Florentino Pérez ya tiene su jueguete. Y Daniel Levy conserva intacta su fama de negociador implacable. El paripé perfecto, la partida de Monopoly con los dados marcados de aquellos para los que el espectáculo reside en el dinero y no en el juego. El desenlace estaba cantado desde hace meses, justo un día después de que el Barcelona se hiciera con los servicios de Neymar. Para el presidente del Real Madrid la compra de Bale era un capricho prioritario, y no precisamente por la necesidad deportiva, de difícil justificación.
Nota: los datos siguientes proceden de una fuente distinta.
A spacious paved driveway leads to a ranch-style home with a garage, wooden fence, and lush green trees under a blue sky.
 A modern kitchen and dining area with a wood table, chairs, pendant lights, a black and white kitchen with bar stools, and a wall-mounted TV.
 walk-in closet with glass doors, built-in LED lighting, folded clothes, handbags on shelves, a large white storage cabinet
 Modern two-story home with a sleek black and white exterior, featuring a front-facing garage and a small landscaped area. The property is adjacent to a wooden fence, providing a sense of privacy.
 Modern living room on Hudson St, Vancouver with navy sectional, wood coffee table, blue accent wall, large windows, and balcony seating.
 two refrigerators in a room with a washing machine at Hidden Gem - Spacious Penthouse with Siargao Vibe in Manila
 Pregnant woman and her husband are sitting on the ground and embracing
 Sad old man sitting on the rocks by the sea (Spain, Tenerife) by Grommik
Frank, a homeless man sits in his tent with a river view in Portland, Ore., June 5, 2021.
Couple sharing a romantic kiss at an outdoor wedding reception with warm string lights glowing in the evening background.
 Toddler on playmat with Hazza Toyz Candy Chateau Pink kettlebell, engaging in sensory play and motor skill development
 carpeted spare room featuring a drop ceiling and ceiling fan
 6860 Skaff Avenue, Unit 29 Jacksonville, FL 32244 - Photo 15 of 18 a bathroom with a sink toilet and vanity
Protagonizar cinco de los diez fichajes más caros del fútbol, con el balompié español al borde del colapso, es un acto de soberbia propio del que satisface su vanidad con los cantos a la opulencia.

Inmersos en la mayor crisis que se recuerda, con seis millones de parados y las enormes dificultades de buena parte de los españoles para llegar a a final de mes, pagar más de 90 millones de euros por un futbolista es un insulto, una impúdica exhibición, a la que asiste complaciente una administración deportiva incapaz de poner remedio a las intolerables diferencias entre ricos y pobres.

Poco importa que el segundo fichaje más caro de la historia (o el primero, que tampoco en eso hay acuerdo) coincida con la marcha del fiasco de Kaká o la negociacion para deshacerse de Ozil, este sí, un talento con cara, y ojos.